We are bringing human and capital resources to bear on collecting records of the Black Presbyterian experience--both the personal records of longtime church workers, and the original records of Black congregations. PHS seeks to represent in the archives the Black throughline: the integral presence of African Americans in what the authors of the historical volume Periscope called a “historically racist ecclesiastical body.”

Congregations are encouraged to use our deposit and digitization services. Historically Black congregations can have select volumes of their original session minutes and registers imaged at no cost. For information about deposit and digitization, please email Records Archivist David Staniunas.

Visit the African American History collection in Pearl.

Recent Collection Highlights:

Gayraud Wilmore Papers, 1848-2019, RG 526. Gayraud Wilmore was a theologian, scholar, and activist. He was named the first executive director of the United Presbyterian Church in the U.S.A.'s Commission on Religion and Race (CORAR) in 1963. He traveled to Presbyterian churches to train pastors in how to organize protests and lobby for civil rights, and joined demonstrations throughout the South. Wilmore also helped found the National Conference of Black Churchmen in 1969 and was instrumental in the creation of the UPCUSA Presbyterian Committee on the Self-Development of People in 1970. He served as the executive director of CORAR until 1972. He died in 2020. Our thanks to Jack and Carmen Wilmore for delivering these records to us in July of 2019.

 

In a 1982 interview conducted at Newark Airport and in Rochester, N.Y., Wilmore reflects on "taking my own theology to the streets" as director of the UPCUSA Board of National Missions Division on Church and Race. "I am convinced that one cannot do theology from a library carrel or from a study desk."(Cassette 857-858)

 

 

 

African American Synods collection, 1873-1988, RG 395 consists of published minutes, select photographs, and newsletters of the historic UPCUSA all-Black governing bodies, including this gathering of leaders from the Synods of Atlantic and Catawba in the 1960s. 

 

Katie Geneva Cannon papers, 1972-2018. Katie Geneva Cannon was the first Black woman ordained a minister of word and sacrament in the Presbyterian Church. She was born in 1950 in the Fisher Town neighborhood of Kannapolis, N.C., one of the seven children of Corine and Esau Cannon. She graduated from Barber-Scotia College (Concord, N.C.), completed a Doctor of Divinity at Johnson C. Smith Theological Seminary, and was the first African American to complete a Doctor of Philosophy at Union Theological Seminary (New York, N.Y.). She was ordained by the UPCUSA Presbytery of Catawba in 1974. A definitive voice in Womanist theology, Cannon specialized in Womanist/feminist/mujerista ethics, teaching at Temple University, and Union Presbyterian Seminary in (Richmond, Va.).

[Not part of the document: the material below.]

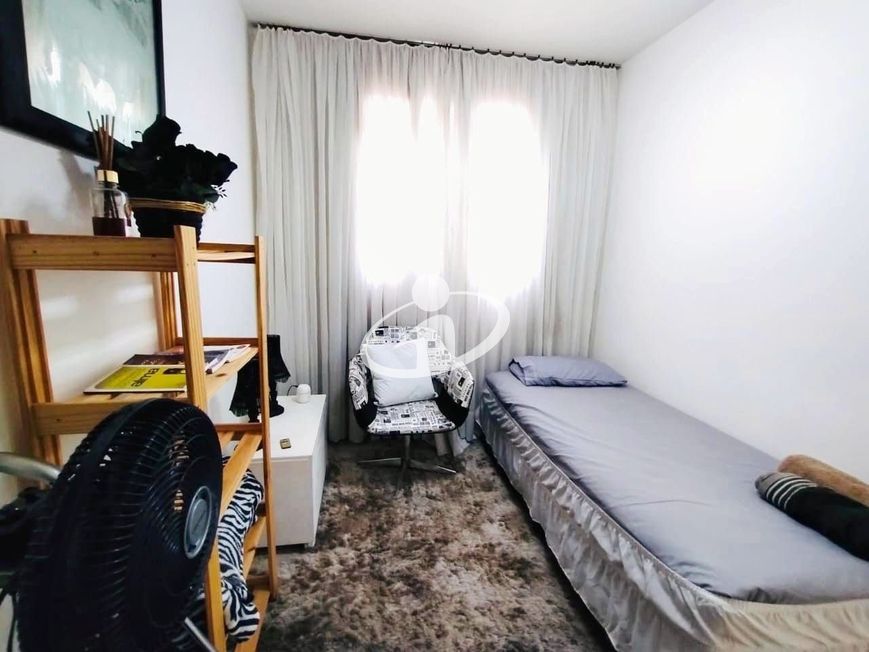 Apartamento Mobiliado_Aluguel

She died August 8, 2018. Our immense thanks go out to the Cannon family for delivering this material to PHS in 2020. Additional material from Katie's life and work is held at the Center for Womanist Leadership at Union Presbyterian Seminary in Richmond, Virginia, and at Union Theological Seminary, New York, New York.

 

View selections from Katie Cannon's papers in Pearl.

Listen to a clip from a 1987 oral history with Katie here: (Cassette 1900)

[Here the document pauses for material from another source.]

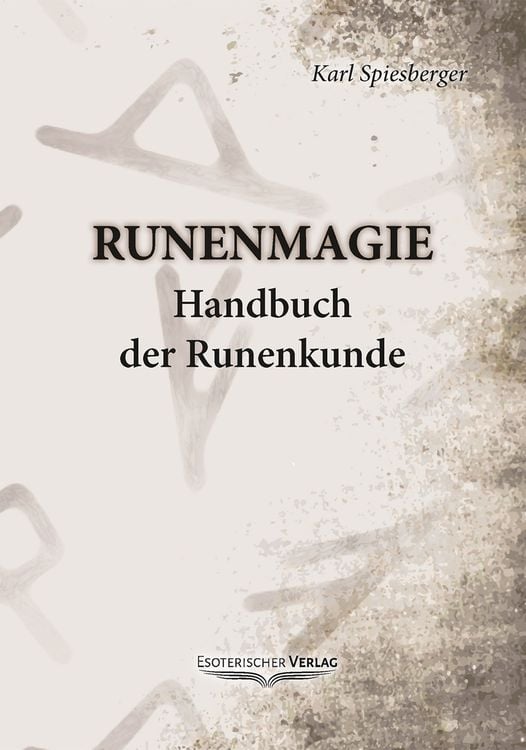 Produktbild: Runenmagie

First African Presbyterian Church (Philadelphia, Pa.) is the oldest Black Presbyterian congregation in the United States, organized in 1807 by John Gloucester, a man born into slavery in Tennessee in 1776. Extensive records of the session, and of the John Gloucester Memorial Society, are held in Record Group 314.

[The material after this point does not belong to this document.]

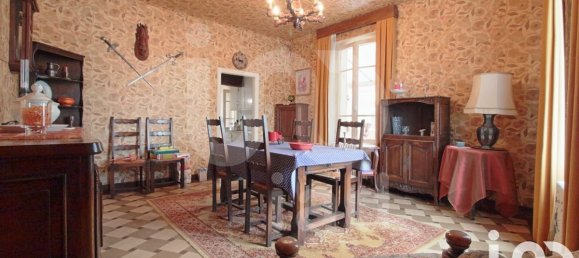 4 Schlafzimmer Haus in Beauvilliers, France, Nr. 42565 9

--Church of the Covenant (Wilkes-Barre, Pa.) was the first pastorate of William Drew Robeson, human rights champion, later pastor of Witherspoon Street Presbyterian Church (Princeton, N.J.), and father of activist Paul Robeson. The church dissolved in 1895; its only volume of session minutes is held here. (V MI46 W652cs)

--Thelma C. Davidson Adair was the first African American woman moderator of the Presbyterian Church, elected by the 188th General Assembly in Baltimore in 1976. In a 2008 interview, Adair reflects on the work of Church Women United to create "causeways," uniting women across continents.